§ Input data:
....
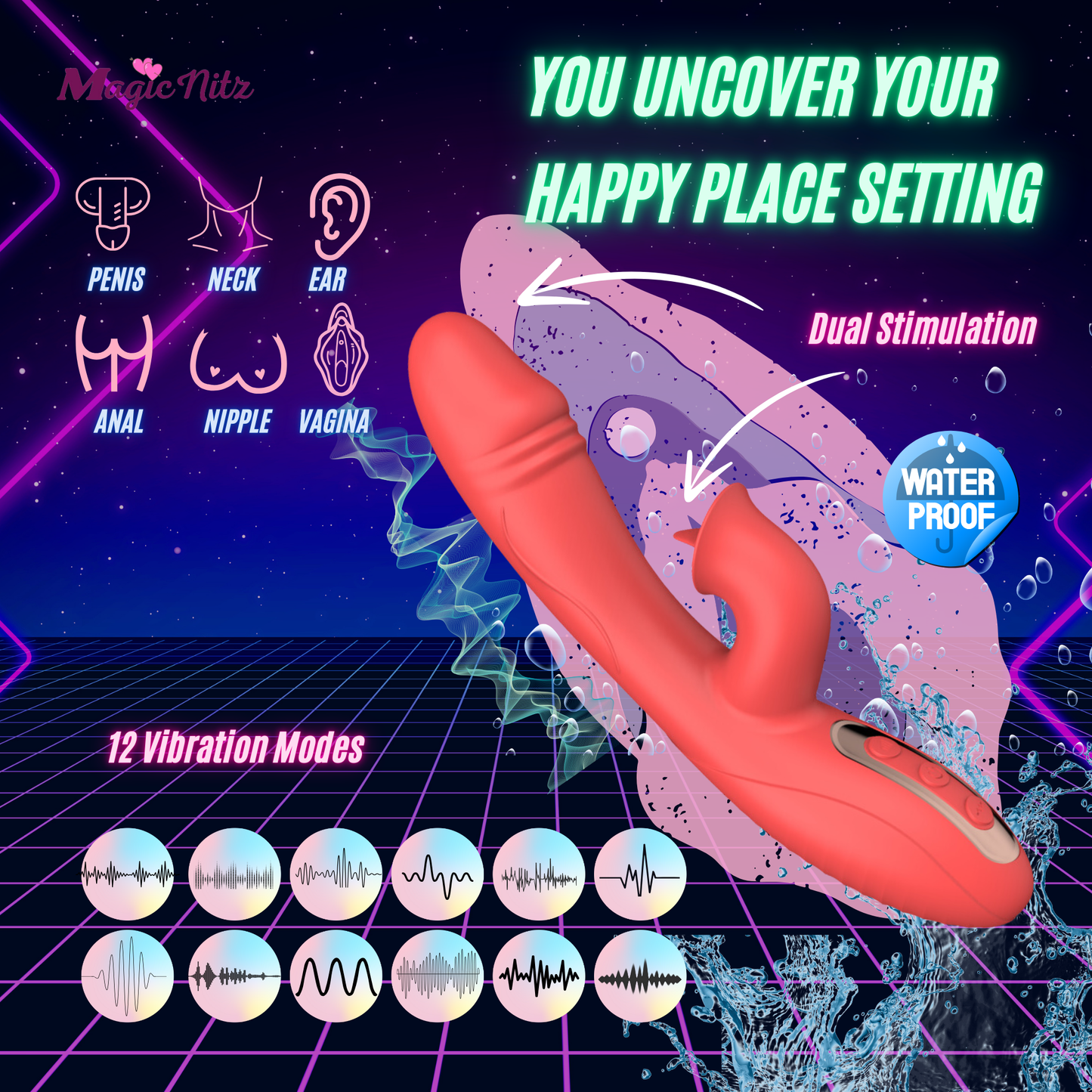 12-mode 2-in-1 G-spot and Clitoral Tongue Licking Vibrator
....
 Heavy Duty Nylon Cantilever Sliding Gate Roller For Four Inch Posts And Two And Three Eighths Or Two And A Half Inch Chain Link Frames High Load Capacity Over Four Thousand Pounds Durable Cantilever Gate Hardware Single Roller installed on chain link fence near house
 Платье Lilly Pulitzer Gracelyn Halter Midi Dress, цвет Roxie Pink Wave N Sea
....
§ Brief:
In the listing above, locate the line with "Heavy Duty Nylon" and the line with "Платье Lilly Pulitzer", then extract exactly those lines and every line between them, and nothing more.

§ Your response:
 Heavy Duty Nylon Cantilever Sliding Gate Roller For Four Inch Posts And Two And Three Eighths Or Two And A Half Inch Chain Link Frames High Load Capacity Over Four Thousand Pounds Durable Cantilever Gate Hardware Single Roller installed on chain link fence near house
 Платье Lilly Pulitzer Gracelyn Halter Midi Dress, цвет Roxie Pink Wave N Sea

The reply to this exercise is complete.